What should you do with and about them?

Below is your checklist. The first item will bring you up to speed on what the standards are, and the rest of the items explain how you can start using the
standards.


1. Read the standards

at www.smmstandards.org and at

IPR’s Standards Center
.

Extra credit: Read WOMMA’s Influencer Guidebook and

AMEC’s PR Professional’s Definitive Guide to Measurement
.

Extra extra credit: Post your comments, critiques and encouragement on these efforts.

2. If you issue a request for proposal for measurement,
make sure it includes a requirement to comply with the standards.
Have your vendors use

The Sources and Methods Transparency Table
.

3. Evaluate your current programs.
If you already have a measurement system in place, take a hard look at all your programs. Which adhere most closely to the standards, and which have the
farthest to go?

a.
Start with the programs that need just a bit of tweaking to be in compliance. Maybe your definitions need to be consistent, or you could make use of

The Sources and Methods Transparency Table
. Make a list of your metrics and compare them to the best practice methodologies.

b.
Now look at the programs that are seriously off the standards track. Perhaps you still use advertising value equivalencies, or measure outputs rather than
outcomes. How can you redesign these programs or replace them with those that comply with the standards? See No. 2 above.

4. Make your organization standards-compliant.
Gather the communications staff and hold an educational workshop about the standards.

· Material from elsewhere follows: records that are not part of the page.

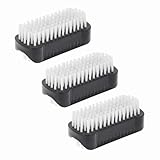 Parsa Beauty Doppelseitige Handwaschbürste für Nägel & Hände - 5er Set Schwarz, Ideal für Bad & Werkstatt, Weiche Borsten, Kompakt & Langlebig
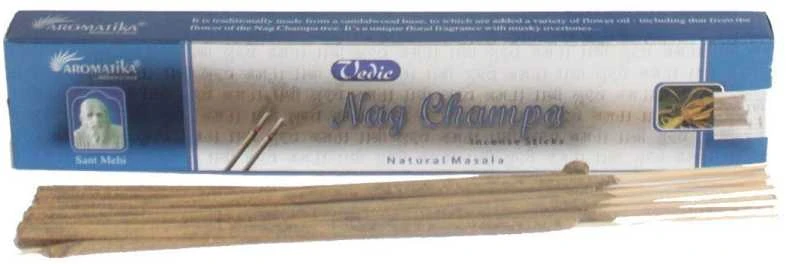 Natūralūs Smilkalai Vedic Nag Champa Aromatika
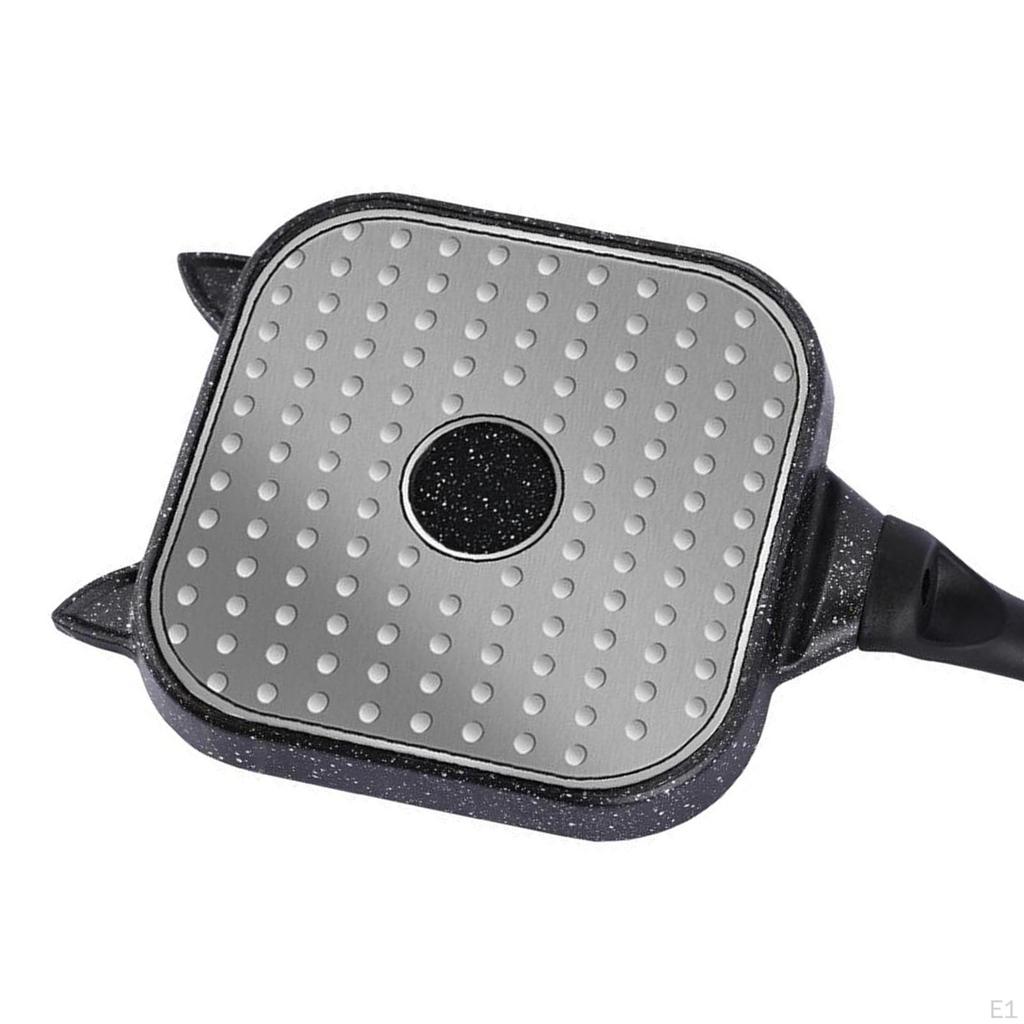 , Frying Pan with Long Handle, Skillet, Breakfast Machine for Kitchen, Steak Induction Cooker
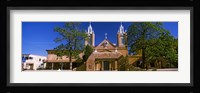 Facade of a church, San Felipe de Neri Church, Old Town, Albuquerque, New Mexico, USA Fine Art Print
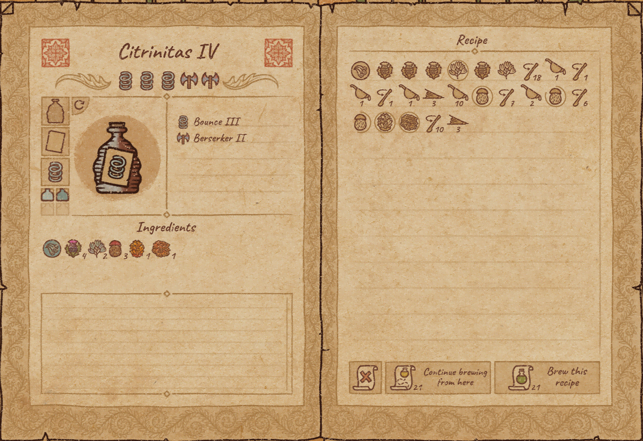 Potion Craft: Potions for Alchemy Machine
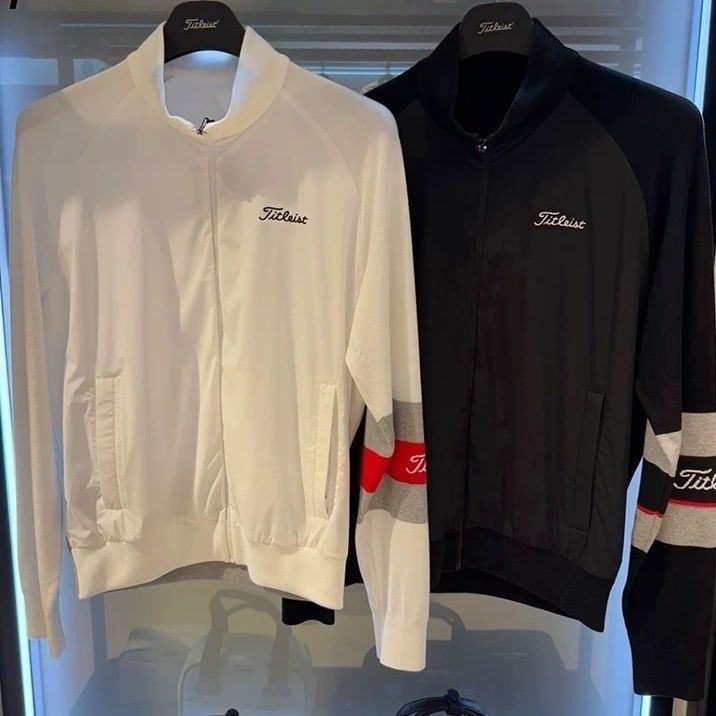 South Korea 25 Golf Men's Fashion Short Sleeve All-Match Long Sleeve Breathable Outerwear Outdoor Sports Stand Collar Slimming Top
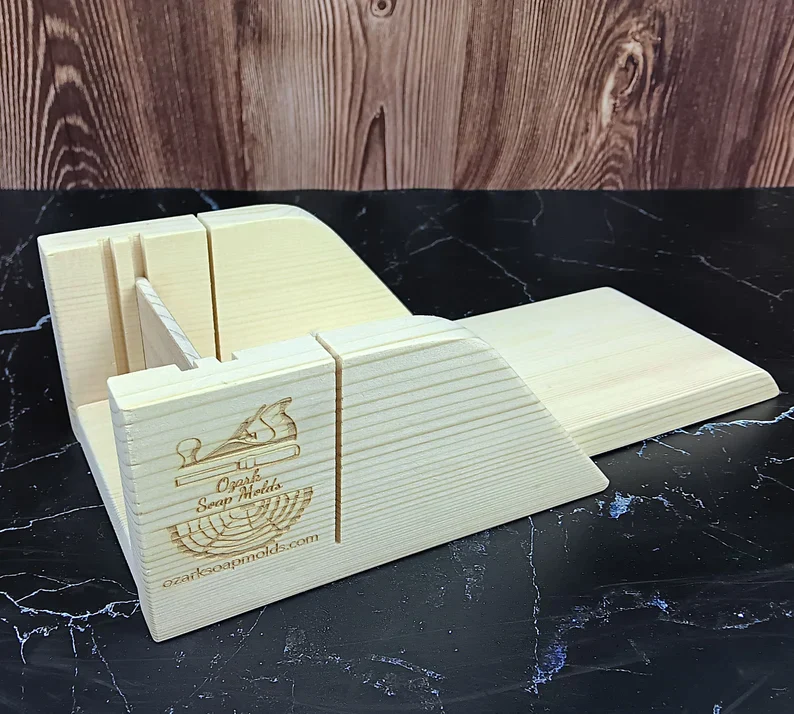 Set de Cortadora y cuchilla de Jabón en Barra - Madera No. 4 - Image 4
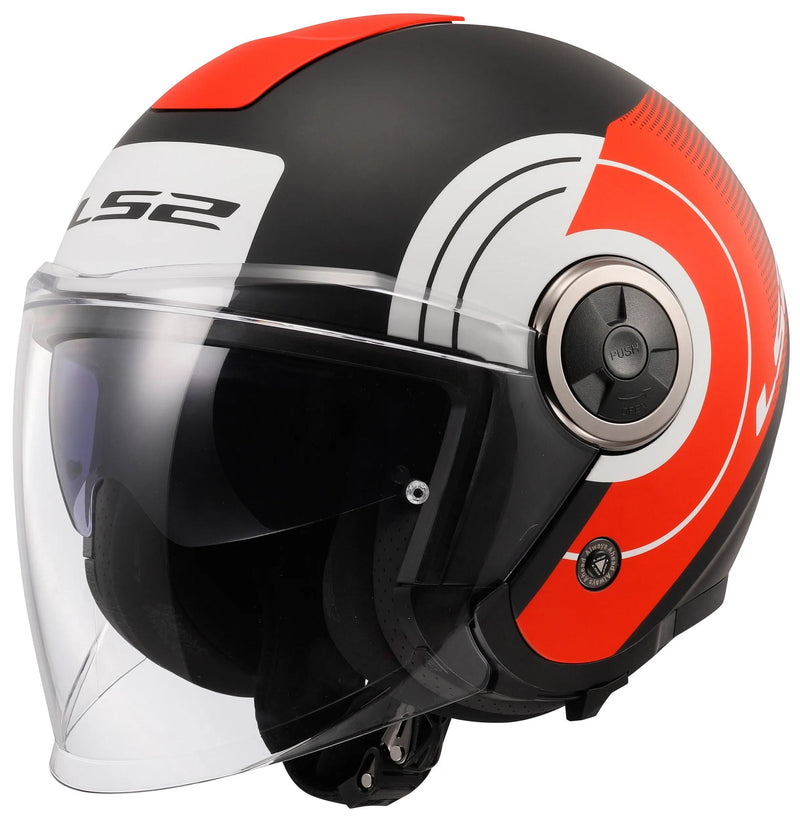 Load image into Gallery viewer, Ls2 jethelm of620 classy disko helmet of620 classy disco bw rt ws gr. m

Explain why they need to change their metrics. Help them go through
No. 3 above for their own programs.

5. Make your awards program standards-compliant.
If you work for or with a professional association, encourage the awards committee to rework the awards criteria to adhere to measurement standards in the
“measurement of results” section. If there is a certification program, make sure questions about the standards are on the exam.

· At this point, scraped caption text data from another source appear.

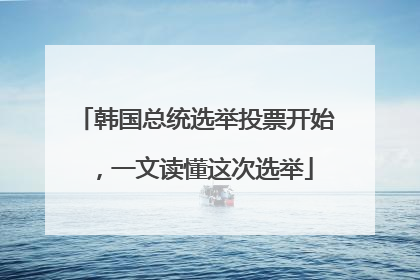 韩国总统选举投票开始，一文读懂这次选举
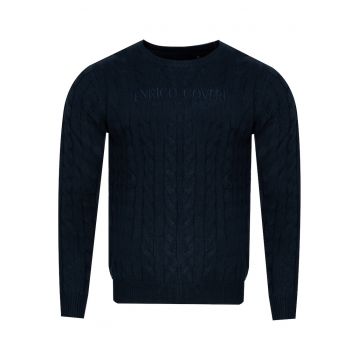 Pulover barbati CO52253/923 -  Acril - Bleumarin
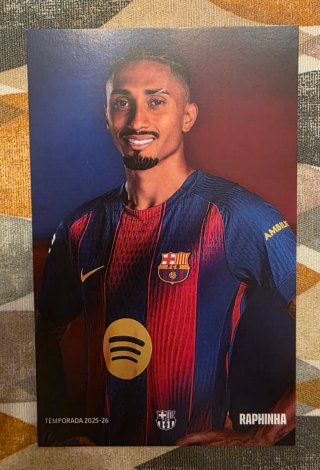 Postal Raphinha FC Barcelona 2025-26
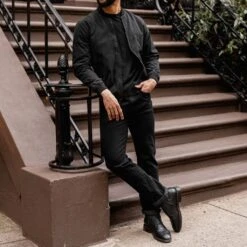 Union Bomber Jacket | Black 13 Union Bomber Jacket | Black -Thursday Boots 1024x1024 Bomber BlackUnion 020924 3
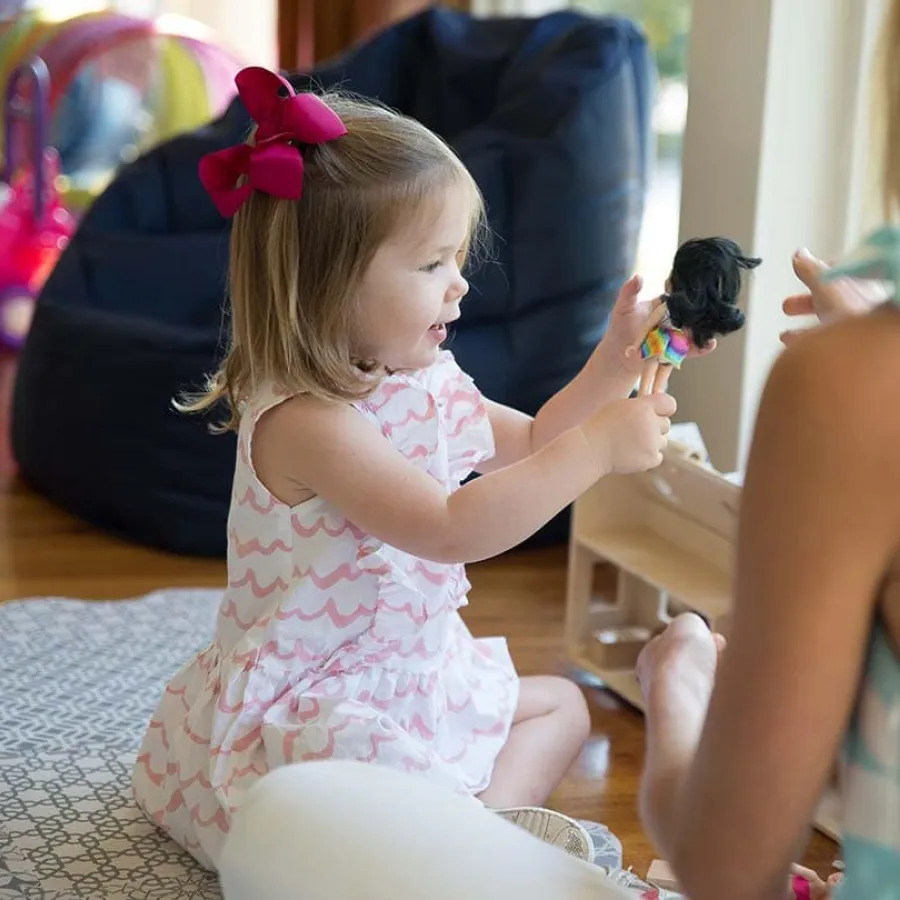 a person and a child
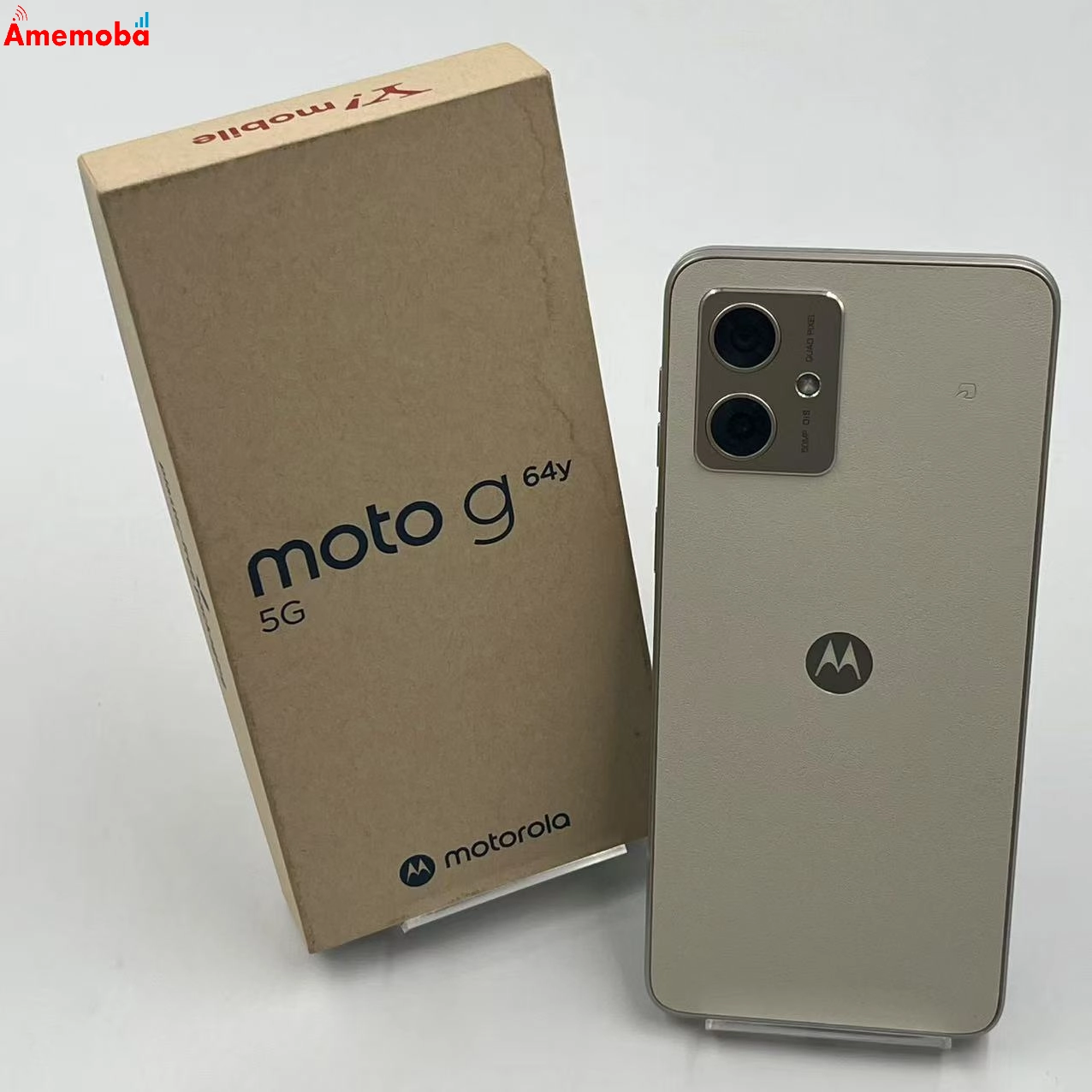 moto g64 5G 128GB バニラクリーム XT2431-2 Y!mobile版SIMフリー 美品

6. Make your classes standards-compliant.
If you’re an educator, rework the research syllabus to include a section on standards.

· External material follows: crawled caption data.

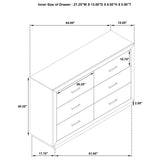 Juego de dormitorio Kenora Barley Brown de 4 piezas tamaño King del este
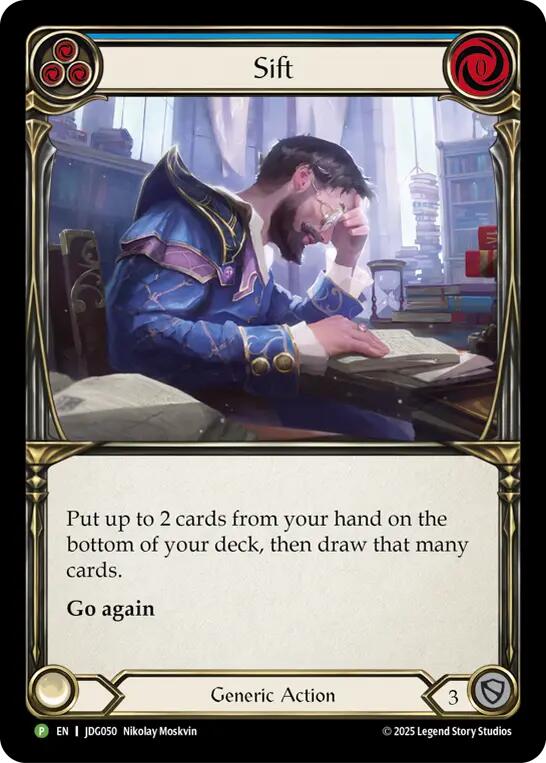 Sift (Blue) [JDG050] (Promo)  Cold Foil | Chromatic Games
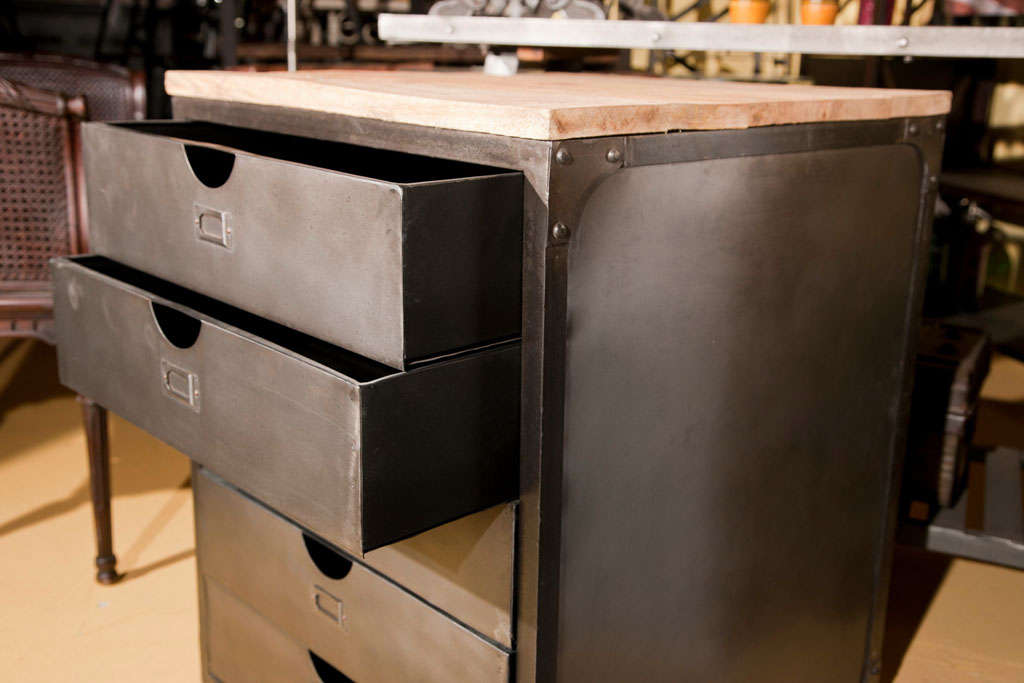 Industrial Metal Chest of Drawers at 1stDibs | metal chest of drawers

7. Let the world know you are standards-compliant.
Indicate on your reports and organizational boilerplate that you adhere to the standards. Let us know, and we’ll list you on the honor roll at www.smmstandards.org.

Katie Delahaye Paine
helps companies define success and design measurement programs for their PR, social media and communications programs. She blogs at
http://kdpaine.blogs.com
and can be reached at
[email protected]. A version of this article originally appeared on
The Measurement Standard.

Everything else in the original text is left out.